Four popular weight-loss strategies
1. Cut calories
Some experts believe that successfully managing your weight comes down to a simple equation: If you eat fewer calories than you burn, you lose weight. Sounds easy, right? Then why is losing weight so hard?
- Weight loss isn’t a linear event over time. When you cut calories, you may drop weight for the first few weeks, for example, and then something changes. You eat the same number of calories but you lose less weight or no weight at all. That’s because when you lose weight you’re losing water and lean tissue as well as fat, your metabolism slows, and your body changes in other ways. So, in order to continue dropping weight each week, you need to continue cutting calories.
- A calorie isn’t always a calorie. Eating 100 calories of high fructose corn syrup, for example, can have a different effect on your body than eating 100 calories of broccoli. The trick for sustained weight loss is to ditch the foods that are packed with calories but don’t make you feel full (like candy) and replace them with foods that fill you up without being loaded with calories (like vegetables).
- Many of us don’t always eat simply to satisfy hunger. We also turn to food for comfort or to relieve stress—which can quickly derail any weight loss plan.
2. Cut carbs
A different way of viewing weight loss identifies the problem as not one of consuming too many calories, but rather the way the body accumulates fat after consuming carbohydrates—in particular the role of the hormone insulin. When you eat a meal, carbohydrates from the food enter your bloodstream as glucose. In order to keep your blood sugar levels in check, your body always burns off this glucose before it burns off fat from a meal.
If you eat a carbohydrate-rich meal (lots of pasta, rice, bread, or French fries, for example), your body releases insulin to help with the influx of all this glucose into your blood. As well as regulating blood sugar levels, insulin does two things: It prevents your fat cells from releasing fat for the body to burn as fuel (because its priority is to burn off the glucose) and it creates more fat cells for storing everything that your body can’t burn off. The result is that you gain weight and your body now requires more fuel to burn, so you eat more. Since insulin only burns carbohydrates, you crave carbs and so begins a vicious cycle of consuming carbs and gaining weight. To lose weight, the reasoning goes, you need to break this cycle by reducing carbs.
Most low-carb diets advocate replacing carbs with protein and fat, which could have some negative long-term effects on your health. If you do try a low-carb diet, you can reduce your risks and limit your intake of saturated and trans fats by choosing lean meats, fish and vegetarian sources of protein, low-fat dairy products, and eating plenty of leafy green and non-starchy vegetables.
3. Cut fat
It’s a mainstay of many diets: if you don’t want to get fat, don’t eat fat. Walk down any grocery store aisle and you’ll be bombarded with reduced-fat snacks, dairy, and packaged meals. But while our low-fat options have exploded, so have obesity rates. So, why haven’t low-fat diets worked for more of us?
- Not all fat is bad. Healthy or “good” fats can actually help to control your weight, as well as manage your moods and fight fatigue. Unsaturated fats found in avocados, nuts, seeds, soy milk, tofu, and fatty fish can help fill you up, while adding a little tasty olive oil to a plate of vegetables, for example, can make it easier to eat healthy food and improve the overall quality of your diet.

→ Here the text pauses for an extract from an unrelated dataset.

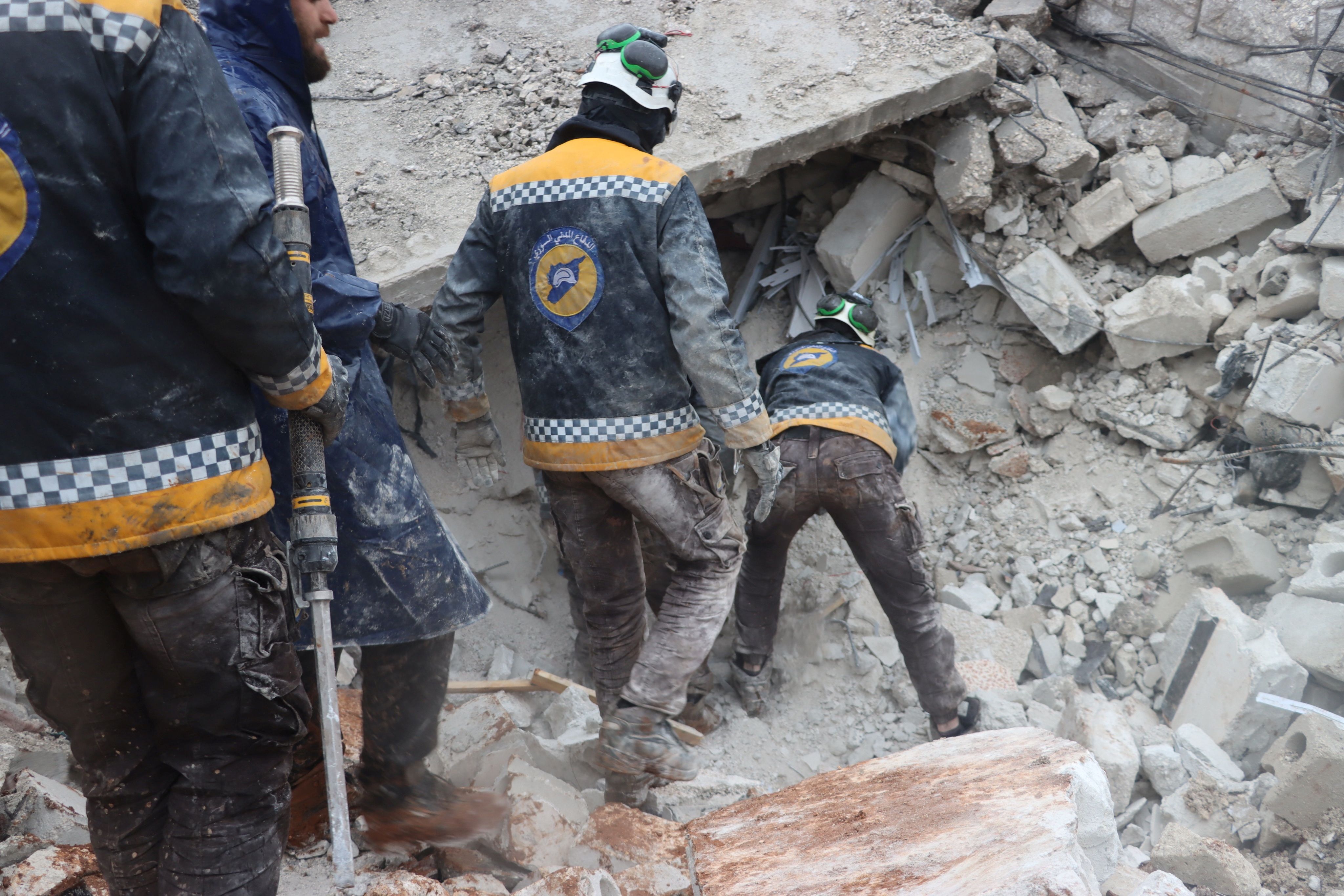 Rettungskräfte suchen in Al Atarib in Syrien nach Verschütteten.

- We often make the wrong trade-offs. Many of us make the mistake of swapping fat for the empty calories of sugar and refined carbohydrates. Instead of eating whole-fat yogurt, for example, we eat low- or no-fat versions that are packed with sugar to make up for the loss of taste. Or we swap our fatty breakfast bacon for a muffin or donut that causes rapid spikes in blood sugar.
4. Follow the Mediterranean diet
The Mediterranean diet emphasizes eating good fats and good carbs along with large quantities of fresh fruits and vegetables, nuts, fish, and olive oil—and only modest amounts of meat and cheese. The Mediterranean diet is more than just about food, though. Regular physical activity and sharing meals with others are also major components.
Whatever weight loss strategy you try, it’s important to stay motivated and avoid common dieting pitfalls, such as emotional eating.